Riemenschneider_St.jpg Riemenschneider Street (2017). Mike Gooch. Word on the street image collection.

When the township of Manaia was surveyed in 1877 it was laid it out in a very deliberate grid pattern. Riemenschneider Street is one of the only roads running east to west that does not have a Māori name.

Johannes Friedrich Riemenschneider arrived in New Zealand in 1843, aged 26. We know a lot about his life here thanks to the work of Professor Peter Oettli, a specialist in medieval German literature. In the course of his research for a biography of Riemenschneider, Oettli translated a vast collection of letters sent by Riemenschneider to his employers in Germany. This was no simple task, he was an enthusiastic letter writer. One of his letters was 160 pages long and included 18 pages of footnotes! 
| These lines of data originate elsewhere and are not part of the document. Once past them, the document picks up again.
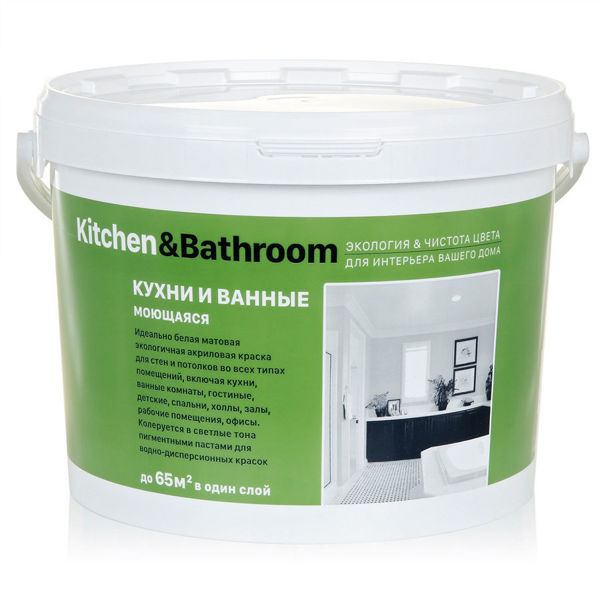 Kitchen&Bathroom – moyushchayasya kraska dlya kuhon' i vannyh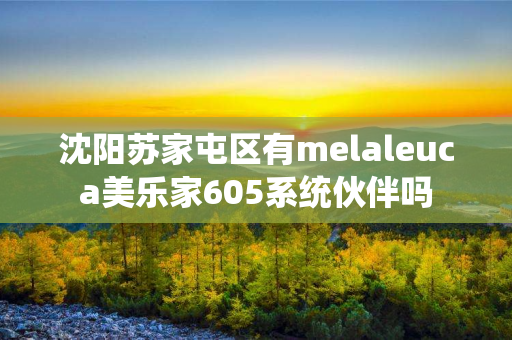 沈阳苏家屯区有melaleuca美乐家605系统伙伴吗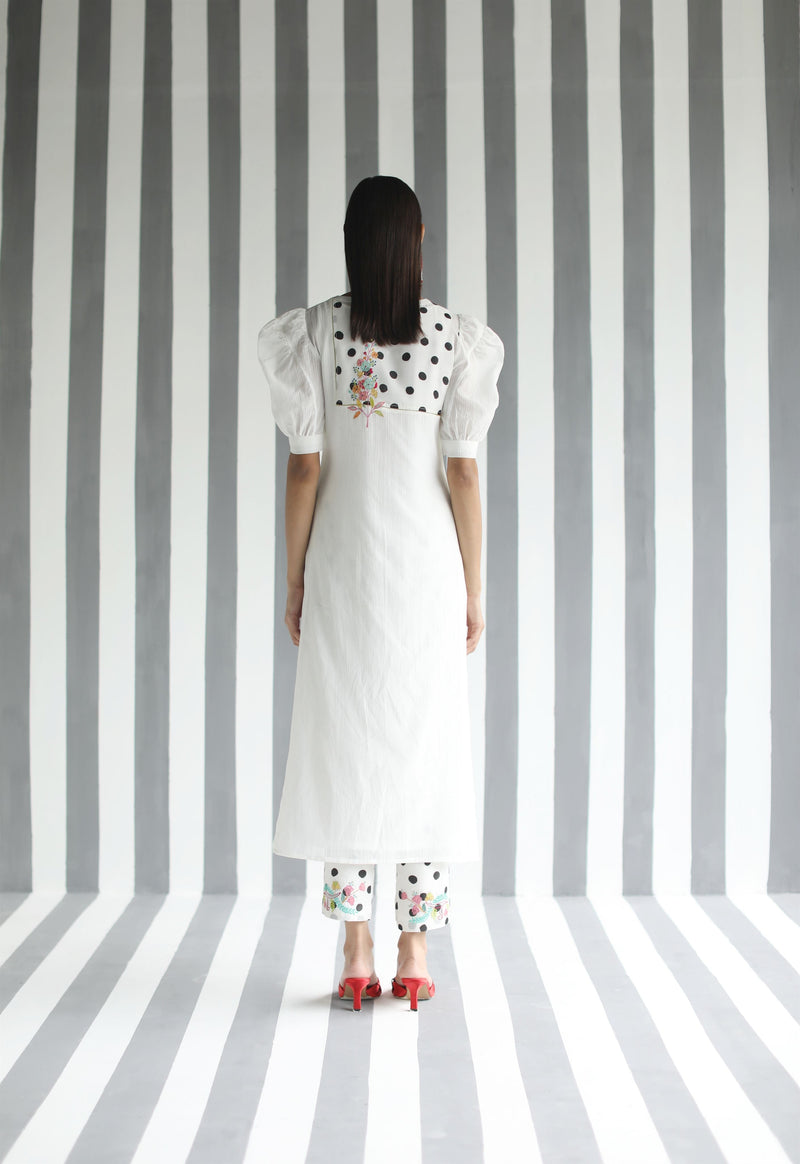 Raji Ramniq I Love To Dot I Cotton Silk Ensemble I Black and White 116 - Shop Cult Modern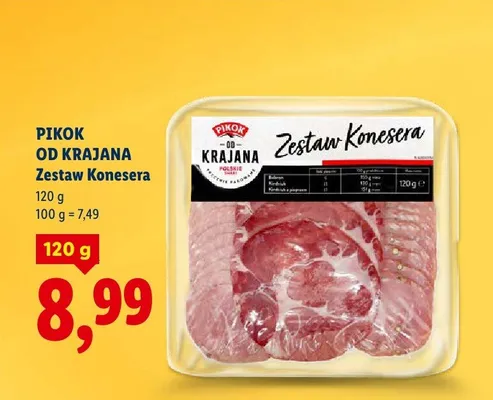 Zestaw konesera promocja w Lidl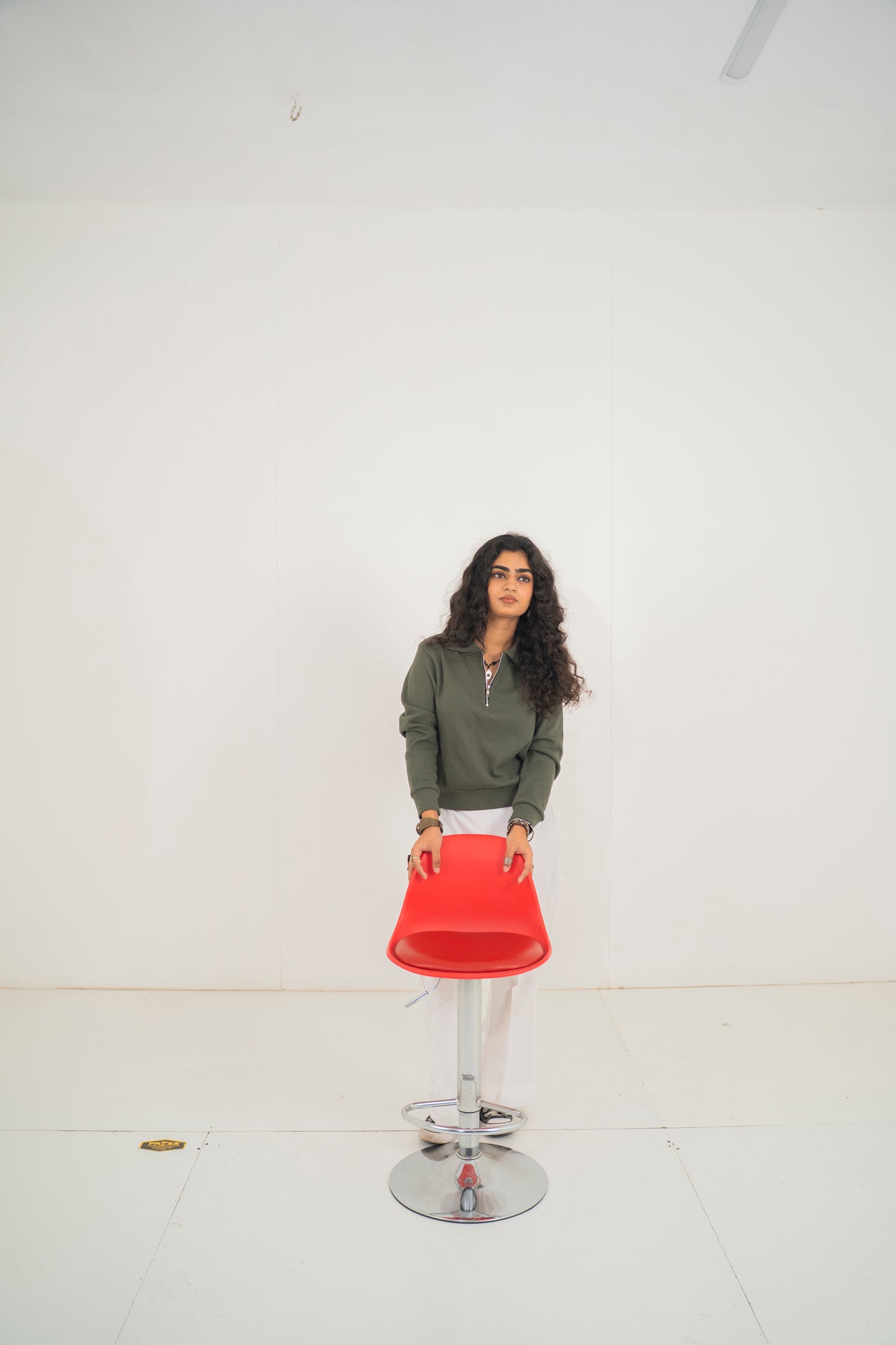 Olive ribbed sweater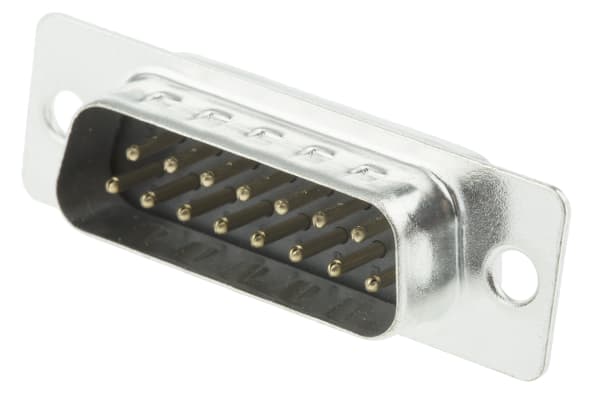 Product image for DSUB PLUG STAMPED+FORMED SOLDER 15 WAY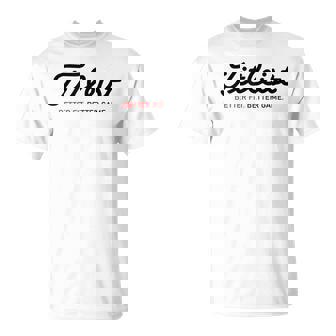 Retro Titleis-T Better Fit Better Game Golf Golfing Golfer T-Shirt - Thegiftio UK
Riemenschneider was first sent to Nelson, but on finding the area already well served for spiritual guidance, shifted to Taranaki. In 1846 he established a mission station in the small coastal settlement of Wārea.  He lived simply, and was generally well-liked and respected by his Māori congregation. His somewhat lonely existence on the Taranaki coast was relieved in 1849 when he married Catherine Garland Woon, the daughter of another missionary, Reverend William Woon.

In 1860 Taranaki was in turmoil and Riemenschneider found himself caught between loyalty to his congregation and the demands of government officials. In the end he chose to move, first to the safety of Nelson, and then to Port Chalmers in Otago. He died there in 1866, his headstone and grave railing were paid for by his Māori parishioners.